Thread: Performance with new nested-xacts code
I was all set to launch into a diatribe about the half dozen performance issues I think we *must* fix in the new nested-transactions code, and thought I'd back it up by citing some pgbench numbers. So I ran pgbench runs using yesterday's CVS tip and current. I had to fix a small memory leak before I could get through pgbench -i at all :-(, but after that I found that today's tip seems a good 10% faster than yesterday's. This brought me up short. I sure as heck do not see anything in that patch that would represent a performance gain over before, especially not in the very vanilla-flavor cases exercised by pgbench. Do you see an explanation? I'm a bit worried that we've managed to dike out some essential operation or other... Can anyone else reproduce these results? The test case I'm using ispgbench -i -s 10 bench followed by repeatedpgbench -c 5 -t 1000 bench I've built PG with --enable-debug and --enable-cassert, and am running with -F (fsync off) but otherwise absolutely factory-stock postgresql.conf.
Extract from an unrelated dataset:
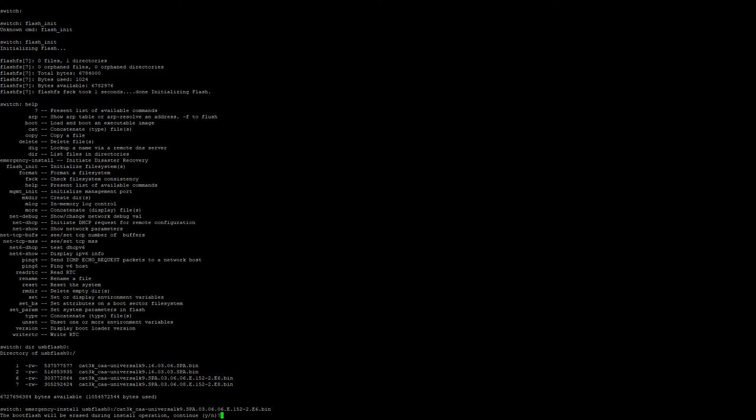Now, you're going to be prompted with the boot flash will be erased during the installation operation. You're going to want to continue. This is very important as it cleans the flash out, starts it from scratch, like when you pulled it out of a box for the most part. So we're going to go ahead and press Y and enter.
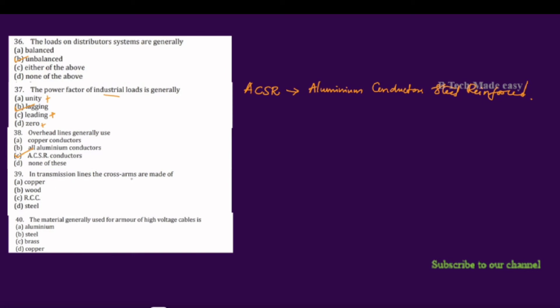In transmission lines, the cross arms are made of what material? The options are copper, wood, RCC, or steel. The correct answer is steel. Cross arms are made of steel, providing better strength and support to the transmission line structure.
The hardware is a not-so-new-anymore Dell P4 with run-of-the-mill IDE disk drive, running RHL 8.0. Obviously none of this is tuned at all, but the question is why did CVS tip get faster when it should by rights be slower. regards, tom lane
On Thu, Jul 01, 2004 at 12:21:55AM -0400, Tom Lane wrote: > I was all set to launch into a diatribe about the half dozen performance > issues I think we *must* fix in the new nested-transactions code, I completely agree, of course. > This brought me up short. I sure as heck do not see anything in that > patch that would represent a performance gain over before, especially > not in the very vanilla-flavor cases exercised by pgbench. Do you see > an explanation? I'm a bit worried that we've managed to dike out some > essential operation or other... Nope, nothing; in fact, I think the only thing that changed in the normal (no subxacts) code path are the tqual.c tests, and those ought to be more expensive than before, not less ... The only thing that changed somewhat is the new GUC code you wrote, but I doubt that could account for a 10% performance increase. > Can anyone else reproduce these results? The test case I'm using is > pgbench -i -s 10 bench > followed by repeated > pgbench -c 5 -t 1000 bench I measure the same in 7 runs: Yesterday Today 241.37 243.02 215.3 228.58 235.13 225.57 194.72 253.23 215.98 272.14 239.15 262.35 220.17 249.42 Min 194.72 225.57 Max 241.37 272.14 Avg 223.12 247.76 -- Alvaro Herrera (<alvherre[a]dcc.uchile.cl>) "Por suerte hoy explotó el califont porque si no me habría muerto de aburrido" (Papelucho)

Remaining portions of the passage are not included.